REPUBLIKA.CO.ID, JAKARTA-- Keputusan Bank Indonesia (BI) untuk memberi Fasilitas Pendanaan Jangka Pendek (FPJP) kepada Bank Century (BC) tidak bisa dipidanakan. Menurut terdakwa kasus korupsi pemberian modal sementara BC, Budi Mulya mengatakan, keputusan memberi bantuan kepada bank gagal berdampak sistemik tersebut adalah tidak punya maksud melakukan kejahatan.
Kuasa Hukum BM, Luhut Marihot Parulian Pangaribuan mengatakan, kebijakan memberikan FPJP kepada BC senilai Rp 689,374 miliar sudah sesuai dengan undang-undang Bank Indonesia (BI). ''FPJP itu adalah keputusan dari Rapat Dewan Gubernur (RDG) Bank Indonesia dan itu bukan keputusan terdakwa pribadi,'' kata Luhut, Kamis (13/3).
BM lewat kuasa hukumnya melayangkan nota keberatan atau eksepsi atas dakwaan yang diajukan Komisi Pemberantasan Korupsi (KPK) untuknya. Luhut membacakan eksepsi tersebut, pada persidangan ke dua, di Pengadilan Negeri Tindak Pidana Korupsi (Tipikor), Jakarta, Kamis (13/3).
Dalam eksepsinya, BM mengatakan, dakwaan untuknya adalah tidak sesuai dengan rekonstruksi hukum sebenarnya. Akibatnya, dinilai sangkaan yang dituduhkan KPK terhadapnya adalah kabur. Luhut menerangkan, seluruh isi dakwaan KPK, harus batal demi hukum lantaran tidak dibuat cermat berdasarkan kejadian.
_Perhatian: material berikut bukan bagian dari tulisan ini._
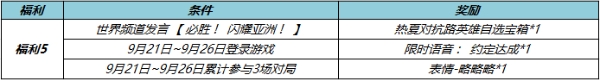 王者荣耀S33赛季福利奖励都有哪些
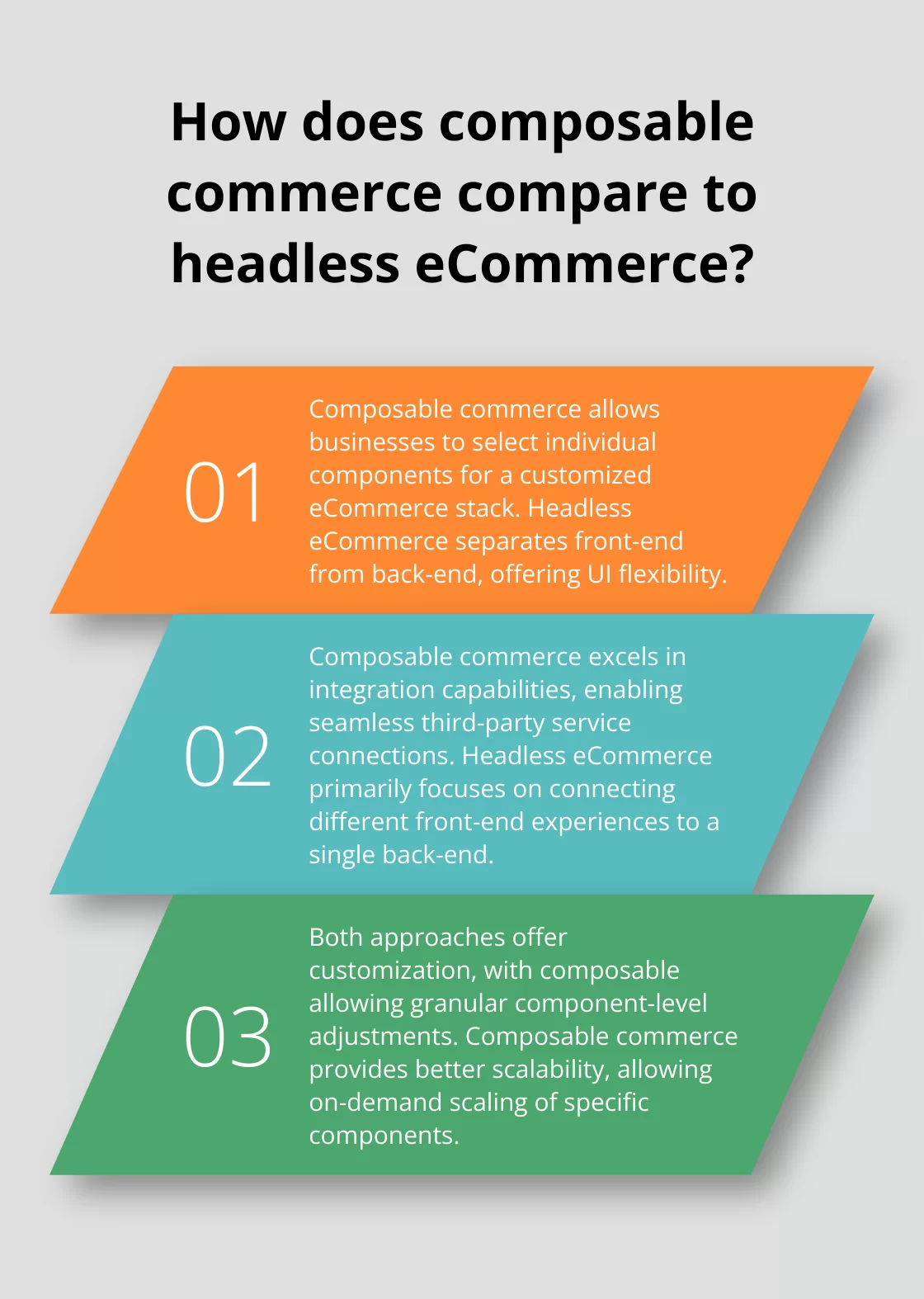 Fact - How does composable commerce compare to headless eCommerce?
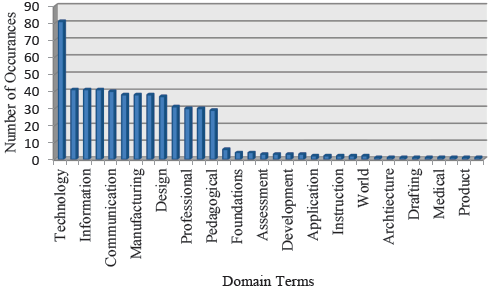 Appendix B: Teacher Certification Assessment Domains: Common Terms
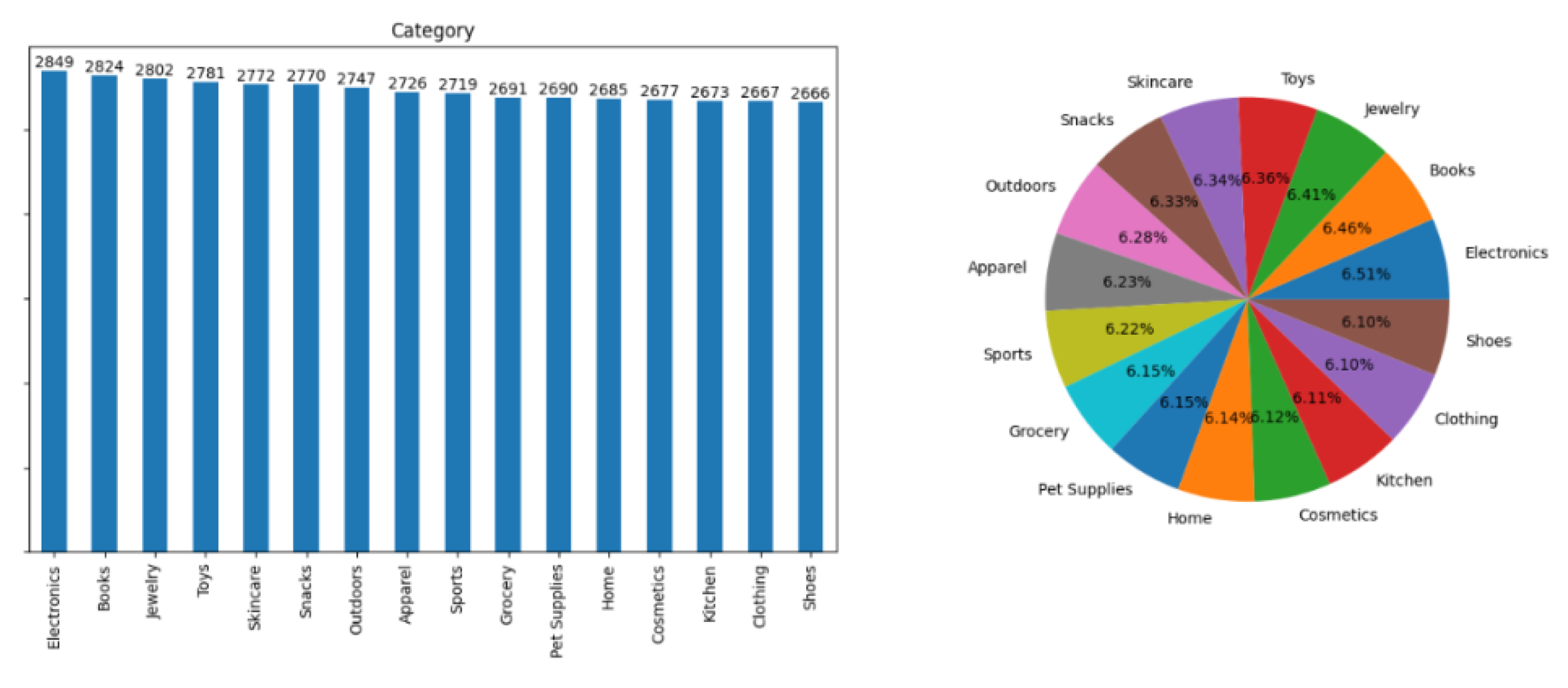 Preprints 161174 g002
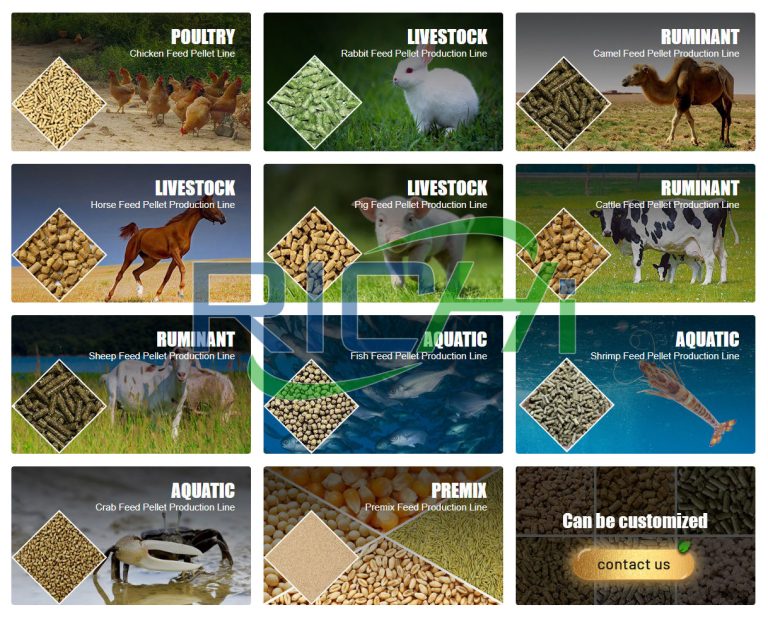 Formula for using poultry feed pellet making machine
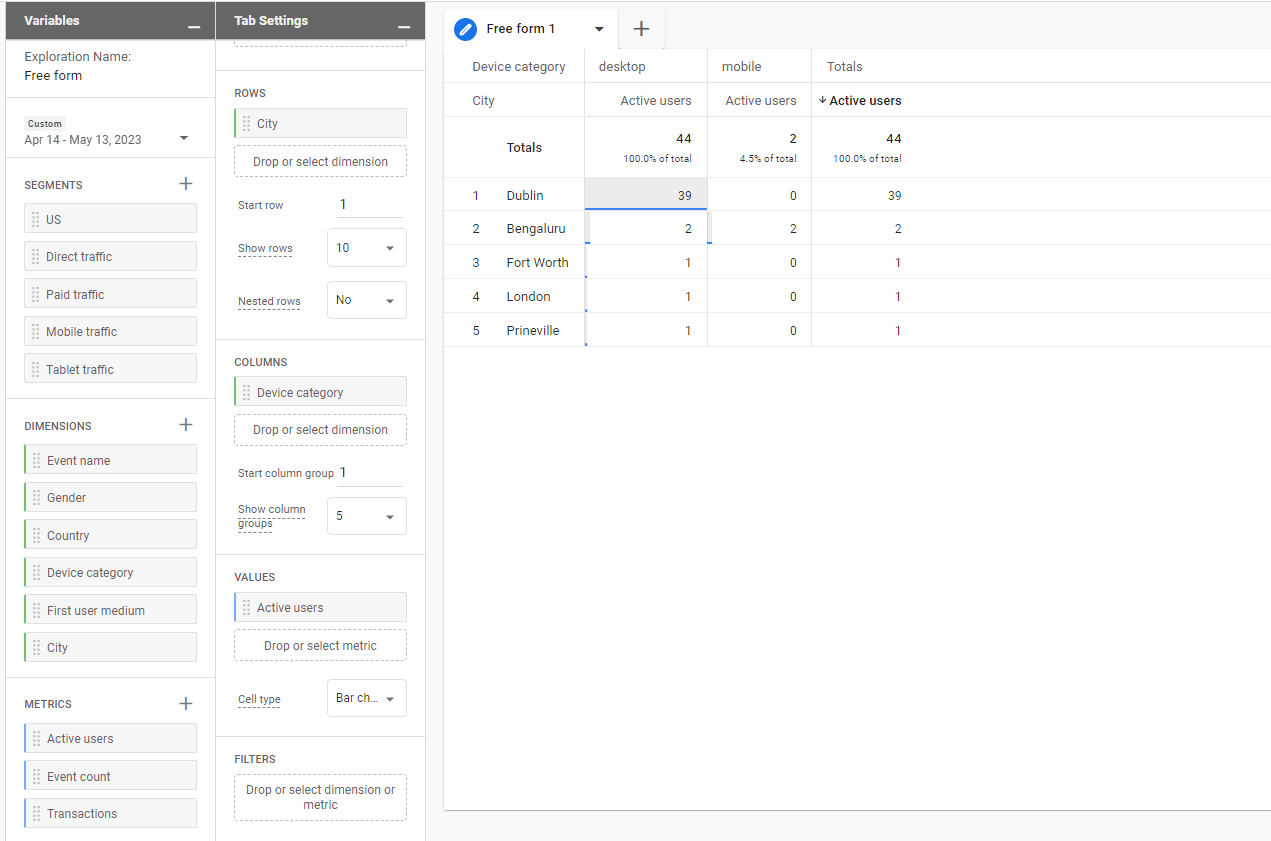 How Google Analytics Can Improve Your Content Marketing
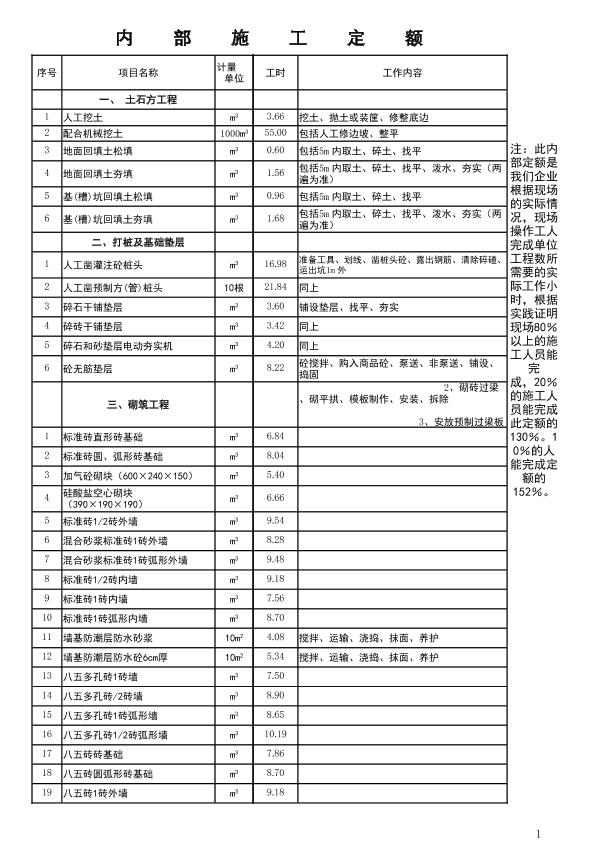 企业内部施工劳动定额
Luhut mengatakan, KPK mendakwa BM dengan pasal-pasal korupsi berupa penyalahgunaan kewenangan dan jabatanya. Komisi antirasuah itu pun, menuduh BM atas jabatannya telah merugikan keuangan negara lantaran menyetujui pemberian FPJP dan bailout seniali Rp 6,762 triliun.
Akan tetapi, dikatakan Luhut rekonstruksi fakta membuktikan bahwa, pemberian FPJP adalah hasil keputusan BI dari RDG. Keputusan tersebut, bukan personal. Selain itu, diterangkan dia, penetapan BC sebagai bank gagal yang berdampak sistemik juga berdasarkan hasil keputusan RDG BI.Keputusan tersebut pu, dikatakan Luhut sesuai dengan pasal 45 UU BI.
''Kalau keputusan itu (memberi FPJP dan PMS) dianggap perbuatan pidana korupsi, selanjutnya kebijakan banks sentral dalam UU BI adalah bentuk kriminal,'' ujar dia.